▸ Assignment:
For the records that follow, restate each one word for word and leave the images behind.

Data extracted from a collection
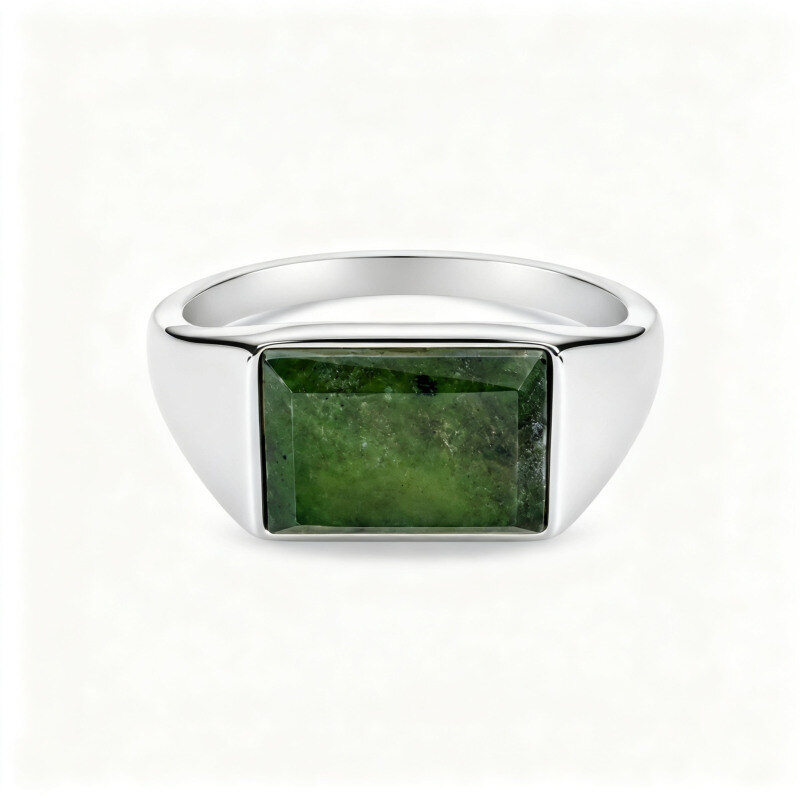 Anillo de sello de oro blanco de 14 quilates con talla baguette para hombre-1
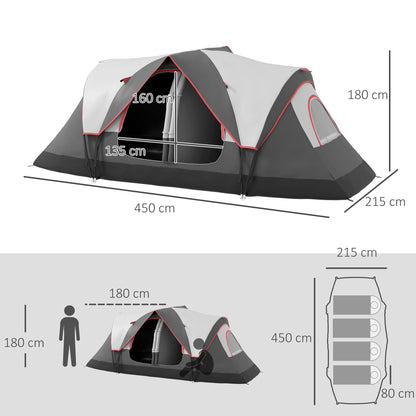 2 Room Camping Tent with Waterproof Rainfly & Screen Panels Grey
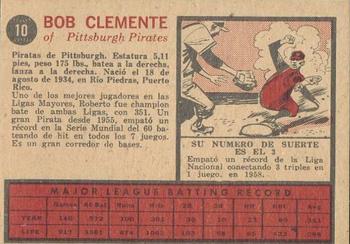 1962 Topps Venezuelan #10 Bob Clemente Back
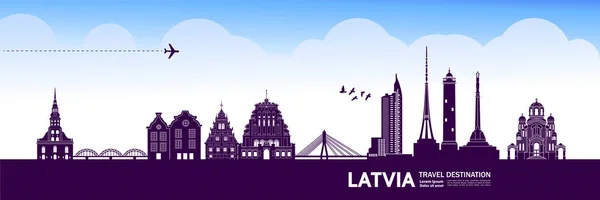 Lettonia Destinazione Viaggio Grand Vector Illustrazione — Vettoriale Stock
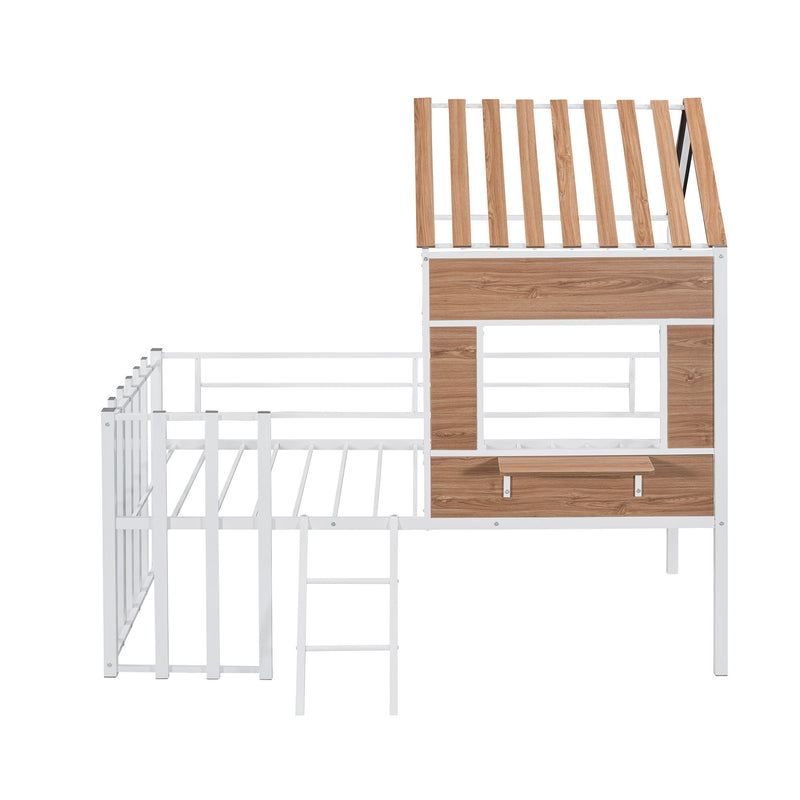 Twin Size Loft Bed With Roof, Window, Guardrail, Ladder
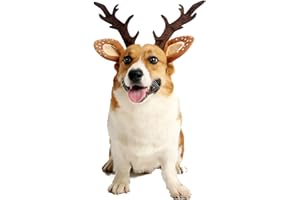 Impoosy Pet Deer Costume Hat Merry Christmas Dog Antlers Headbands Elastic Band Adjustable Reindeer Cap Hair Headwear Accessories (Large)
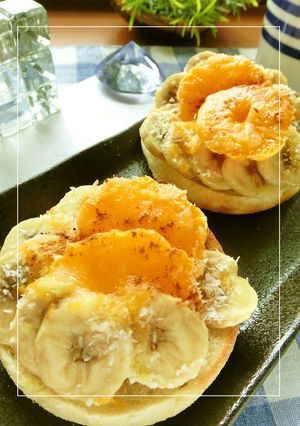 バナナ×みかんのココナッツチーズトースト-レシピのメイン写真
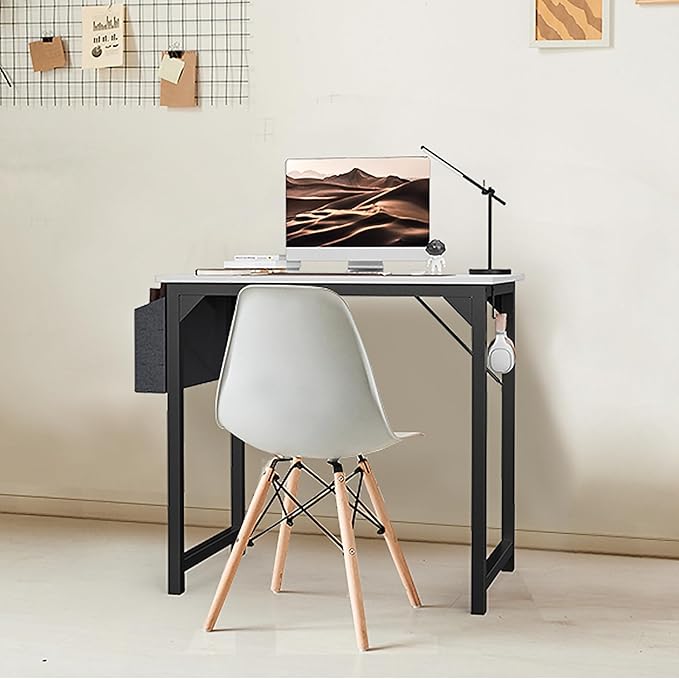 SMUG Computer Desk 32 Inch Home Office Writing Wood Storage Bag & Headphone Hook Small Spaces Simple Bedroom Work Study Kids Table, White - LeafyLoom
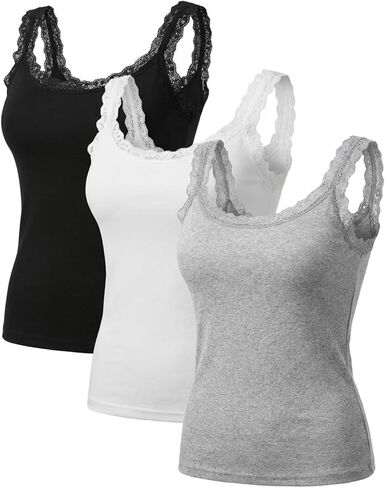 2/3-Pack Women's Lace Trim Camisole Tops - Soft Stretch Cotton Blend Undershirts, Breathable Layering Tanks in Kuwait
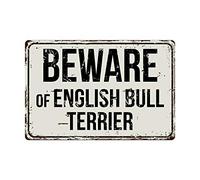 265VS Beware of English Bull Terrier 8” x 12” Vintage Aluminum Retro Metal Sign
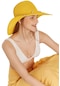 Kadın Sarı Deniz Kabuklu Geniş Plaj Şapkası-20286 - Std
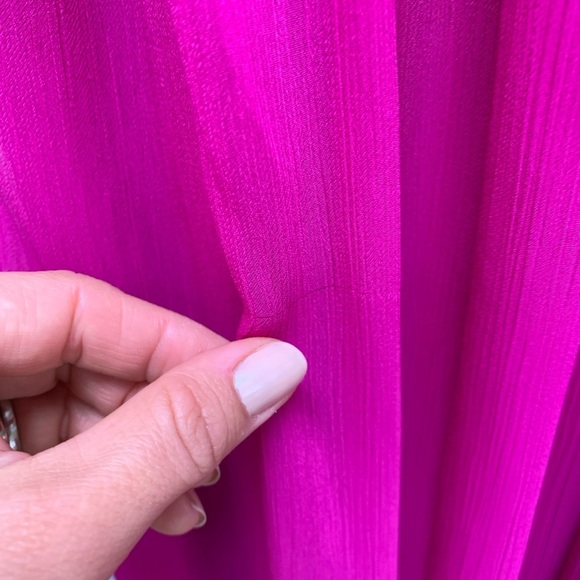 Badgley Mischka Collection Magenta Fluorescent Chiffon Strapless Gown 10 - Picture 10 of 15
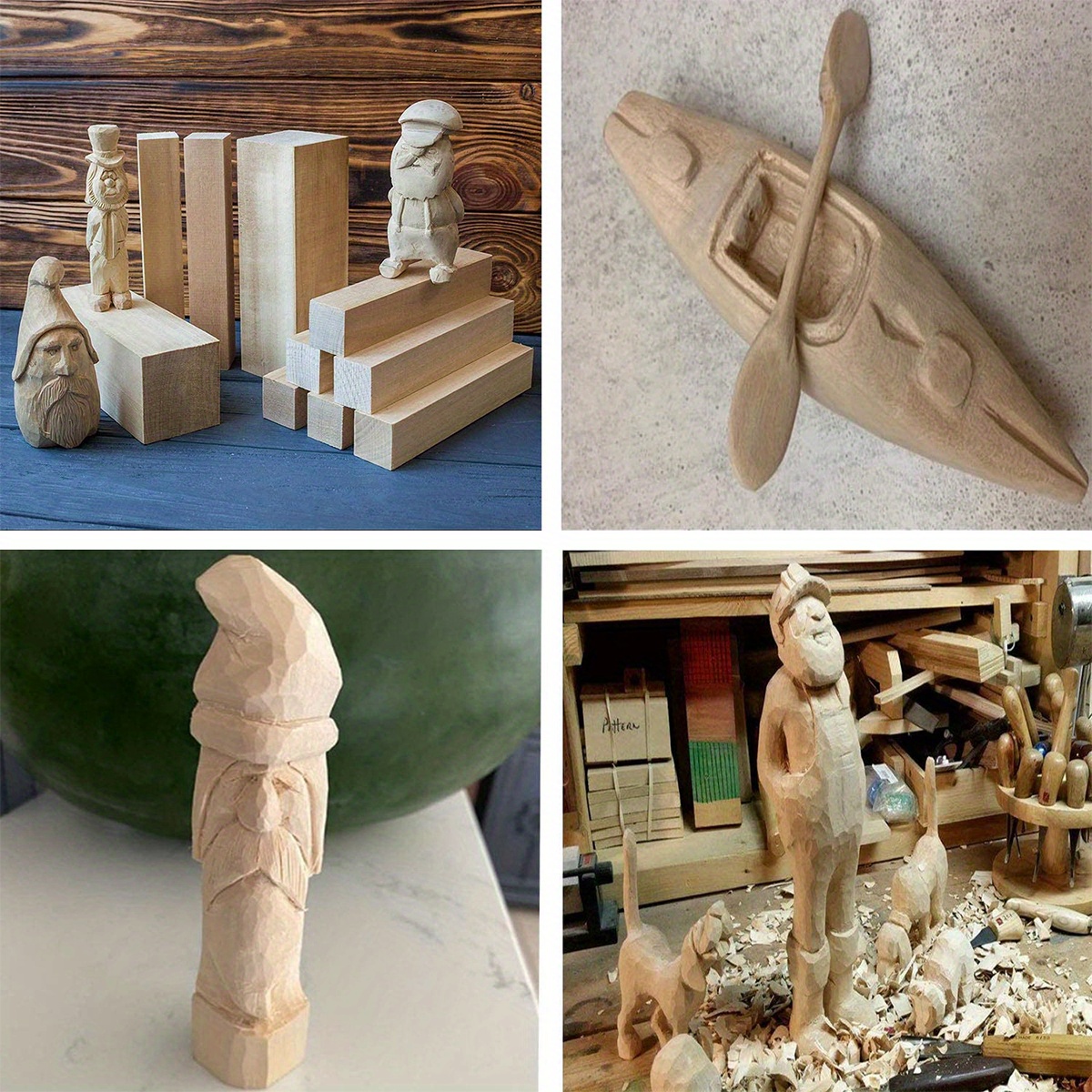 Morima 10Pcs Basswood Carving Block Natural Soft Wood Carving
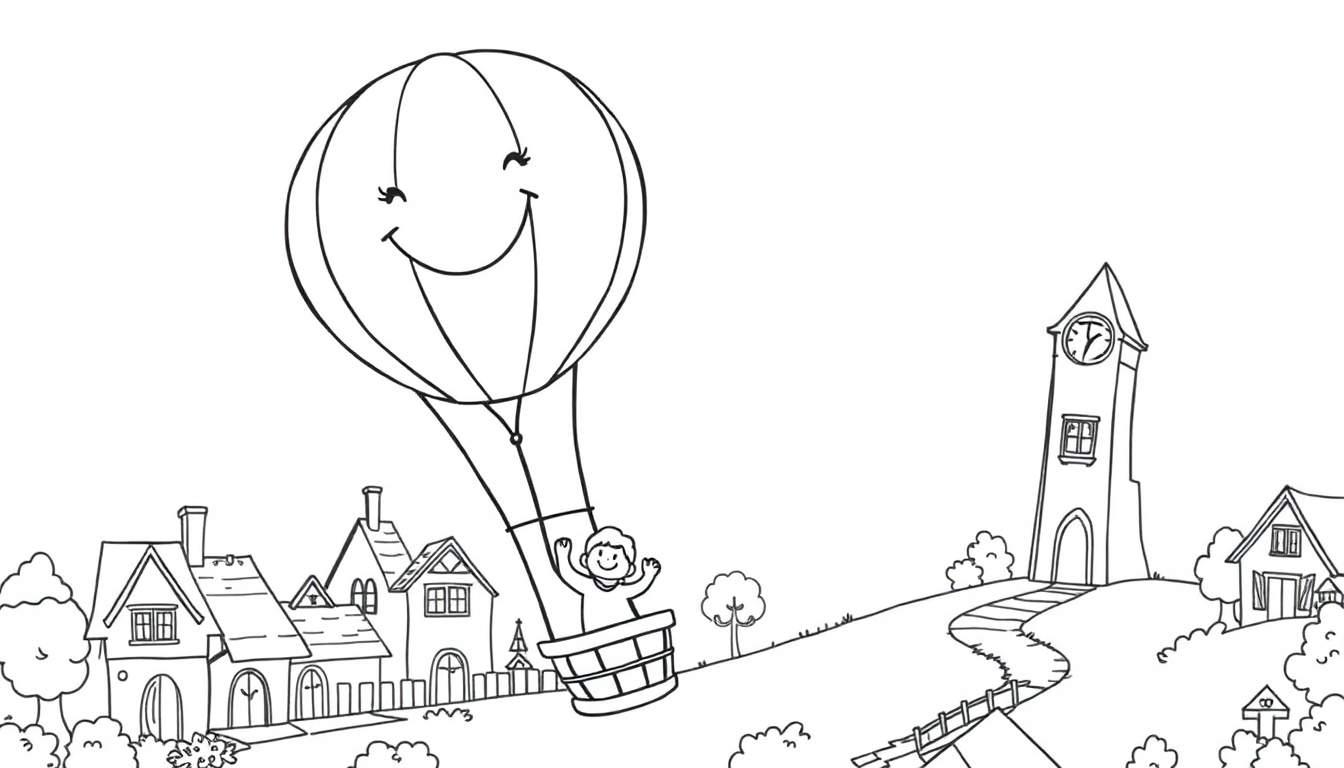 A smiling hot air balloon carrying a happy person floats over a charming town with a clock tower, a delightful color panel awaits your creativity!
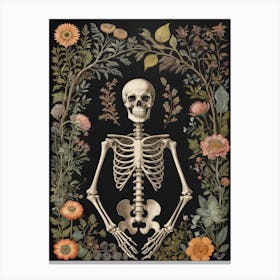 Botanical Skeleton Vintage Flowers Painting (50) Canvas Print
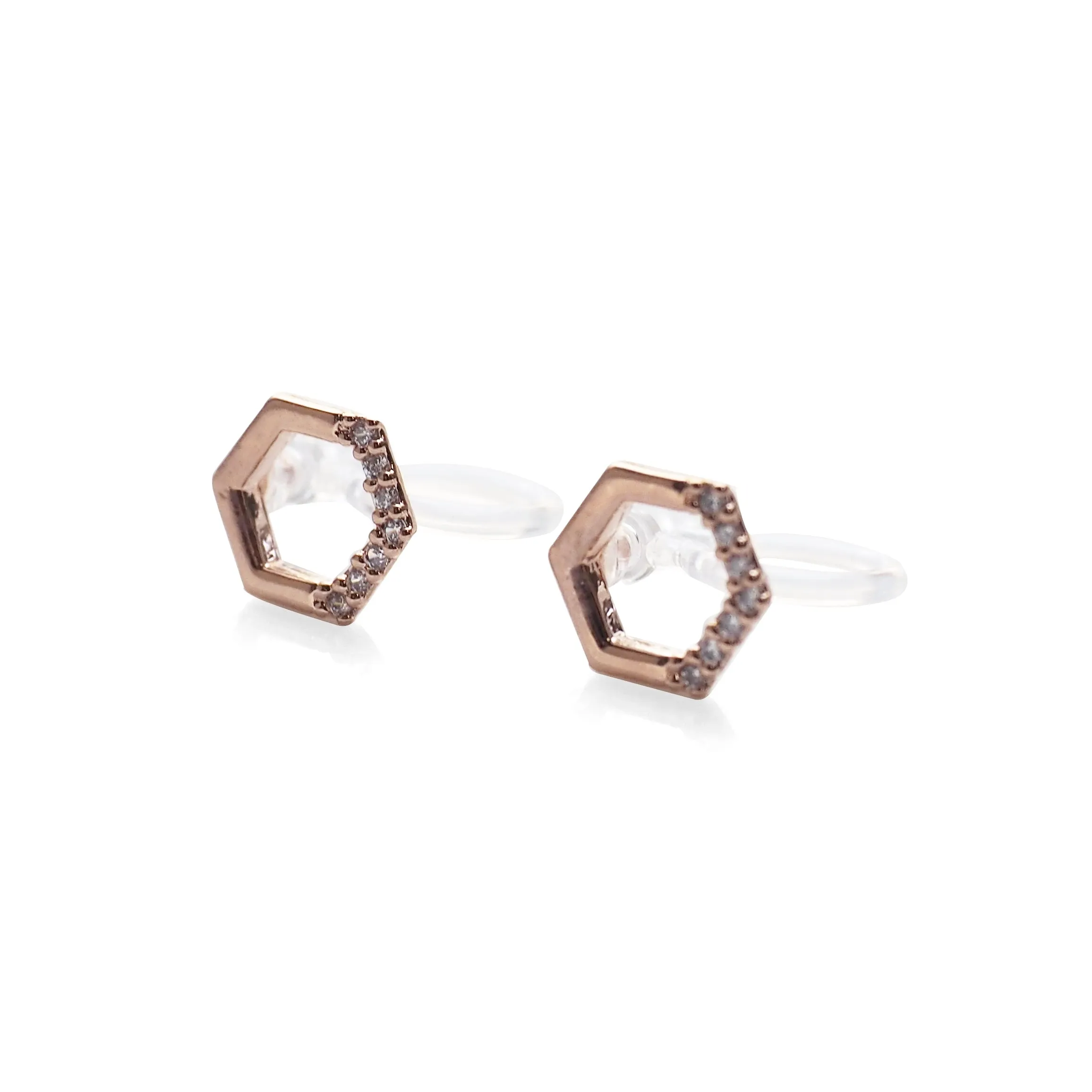 Cubic Zirconia Crystal Pave Hexagon Invisible Clip On Stud Earrings ( Rose gold tone )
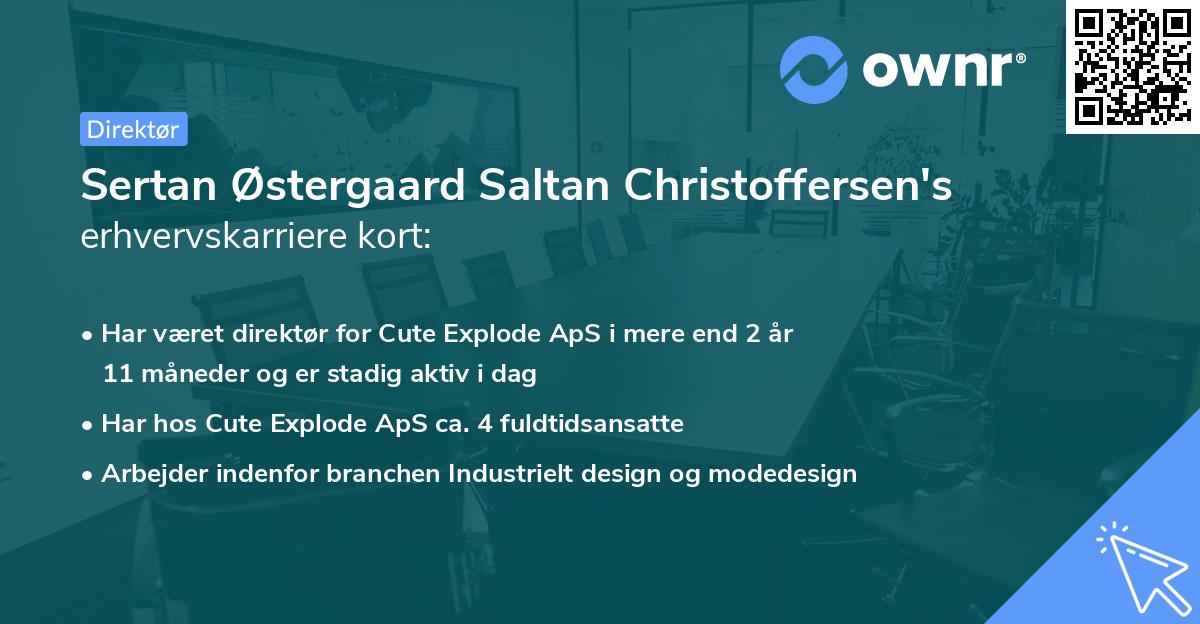 Sertan Østergaard Saltan Christoffersen's erhvervskarriere kort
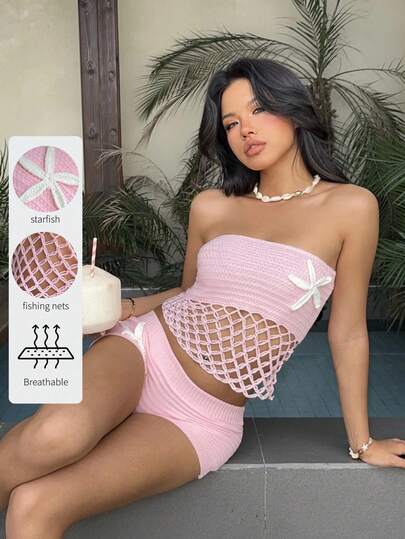 Aloruh Women Knitted Crochet Starfish Seamless Hollow-Out Tight Crop Top, Suitable For Music Festivals,Rave Top,Going Out Top,Summer/Spring,For Vacation,Baech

▸ Task answer:
 Anillo de sello de oro blanco de 14 quilates con talla baguette para hombre-1
 2 Room Camping Tent with Waterproof Rainfly & Screen Panels Grey
 1962 Topps Venezuelan #10 Bob Clemente Back
 Lettonia Destinazione Viaggio Grand Vector Illustrazione — Vettoriale Stock
 Twin Size Loft Bed With Roof, Window, Guardrail, Ladder
 Impoosy Pet Deer Costume Hat Merry Christmas Dog Antlers Headbands Elastic Band Adjustable Reindeer Cap Hair Headwear Accessories (Large)
 バナナ×みかんのココナッツチーズトースト-レシピのメイン写真
 SMUG Computer Desk 32 Inch Home Office Writing Wood Storage Bag & Headphone Hook Small Spaces Simple Bedroom Work Study Kids Table, White - LeafyLoom
 2/3-Pack Women's Lace Trim Camisole Tops - Soft Stretch Cotton Blend Undershirts, Breathable Layering Tanks in Kuwait
 265VS Beware of English Bull Terrier 8” x 12” Vintage Aluminum Retro Metal Sign
 Kadın Sarı Deniz Kabuklu Geniş Plaj Şapkası-20286 - Std
 Badgley Mischka Collection Magenta Fluorescent Chiffon Strapless Gown 10 - Picture 10 of 15
 Morima 10Pcs Basswood Carving Block Natural Soft Wood Carving
 A smiling hot air balloon carrying a happy person floats over a charming town with a clock tower, a delightful color panel awaits your creativity!
 Botanical Skeleton Vintage Flowers Painting (50) Canvas Print
 Cubic Zirconia Crystal Pave Hexagon Invisible Clip On Stud Earrings ( Rose gold tone )
 Sertan Østergaard Saltan Christoffersen's erhvervskarriere kort
 Aloruh Women Knitted Crochet Starfish Seamless Hollow-Out Tight Crop Top, Suitable For Music Festivals,Rave Top,Going Out Top,Summer/Spring,For Vacation,Baech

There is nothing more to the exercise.